Captioned web image data:

----

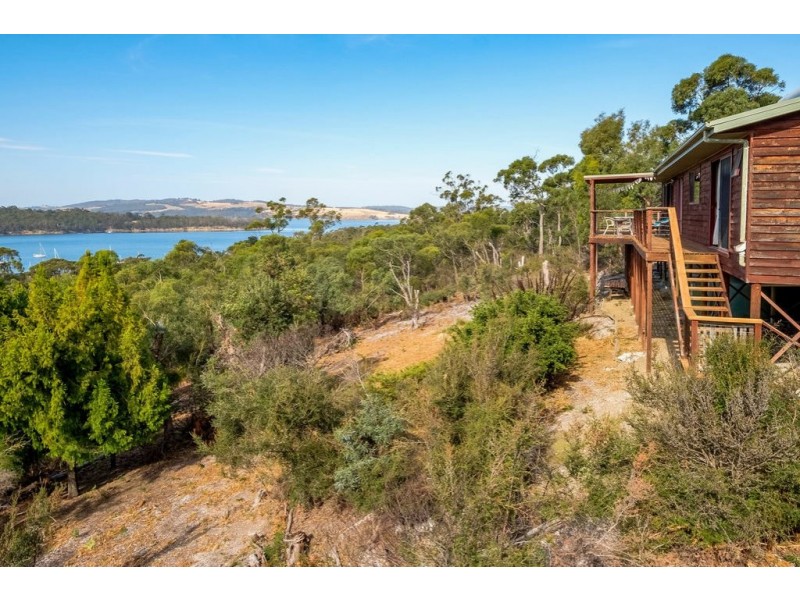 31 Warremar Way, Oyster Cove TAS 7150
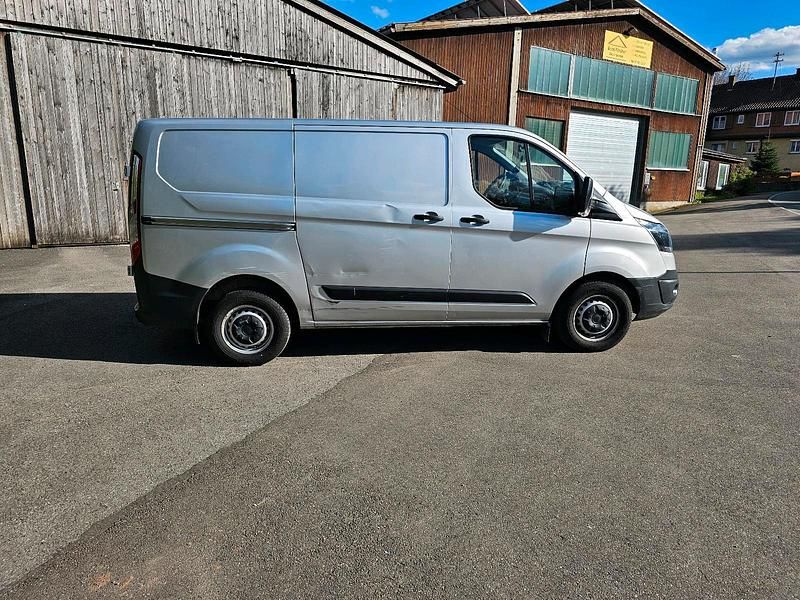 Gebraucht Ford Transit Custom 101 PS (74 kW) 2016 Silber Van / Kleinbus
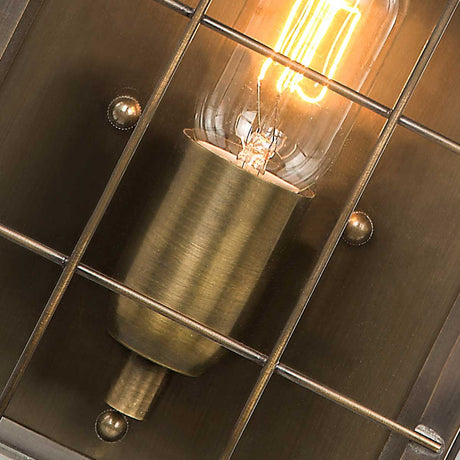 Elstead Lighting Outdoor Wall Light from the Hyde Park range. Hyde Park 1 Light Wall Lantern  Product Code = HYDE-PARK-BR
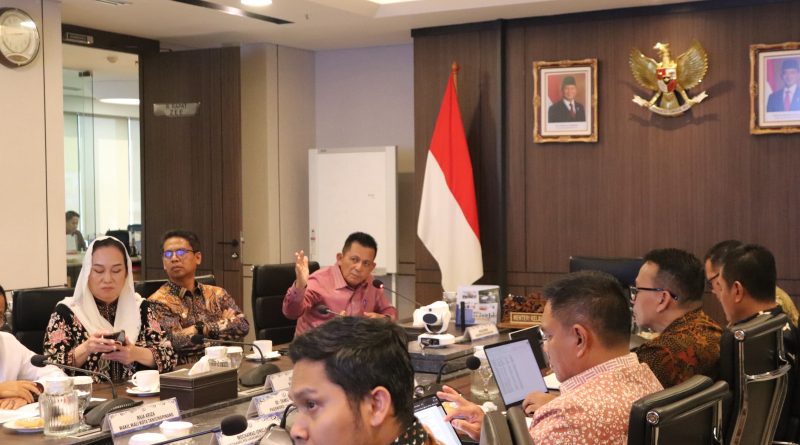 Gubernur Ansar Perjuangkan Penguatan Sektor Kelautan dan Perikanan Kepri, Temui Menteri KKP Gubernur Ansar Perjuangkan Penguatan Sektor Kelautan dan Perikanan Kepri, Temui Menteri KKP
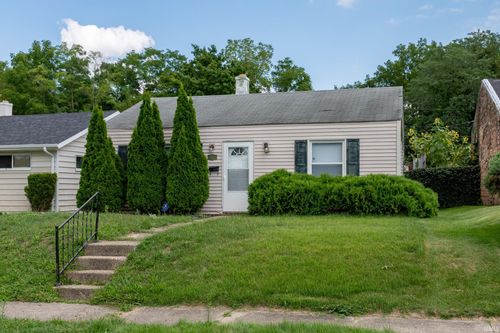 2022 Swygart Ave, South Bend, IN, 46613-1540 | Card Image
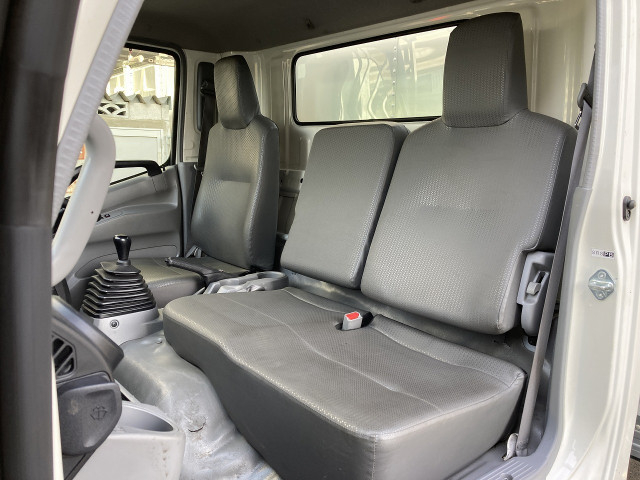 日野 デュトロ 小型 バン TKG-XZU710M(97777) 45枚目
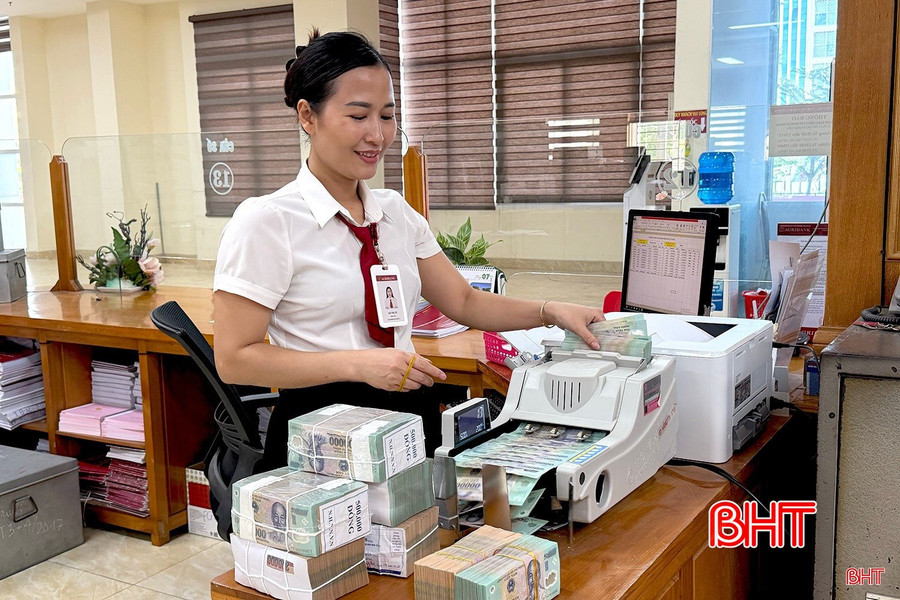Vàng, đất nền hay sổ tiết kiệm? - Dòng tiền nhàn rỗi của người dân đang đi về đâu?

----

### [REQUIRED WORK]
What is needed here is an exact copy of every record, with the pictures left out.

### [RESULT FOR THIS EXERCISE]
 31 Warremar Way, Oyster Cove TAS 7150
 Gebraucht Ford Transit Custom 101 PS (74 kW) 2016 Silber Van / Kleinbus
 Elstead Lighting Outdoor Wall Light from the Hyde Park range. Hyde Park 1 Light Wall Lantern  Product Code = HYDE-PARK-BR
 Gubernur Ansar Perjuangkan Penguatan Sektor Kelautan dan Perikanan Kepri, Temui Menteri KKP Gubernur Ansar Perjuangkan Penguatan Sektor Kelautan dan Perikanan Kepri, Temui Menteri KKP
 2022 Swygart Ave, South Bend, IN, 46613-1540 | Card Image
 日野 デュトロ 小型 バン TKG-XZU710M(97777) 45枚目
Vàng, đất nền hay sổ tiết kiệm? - Dòng tiền nhàn rỗi của người dân đang đi về đâu?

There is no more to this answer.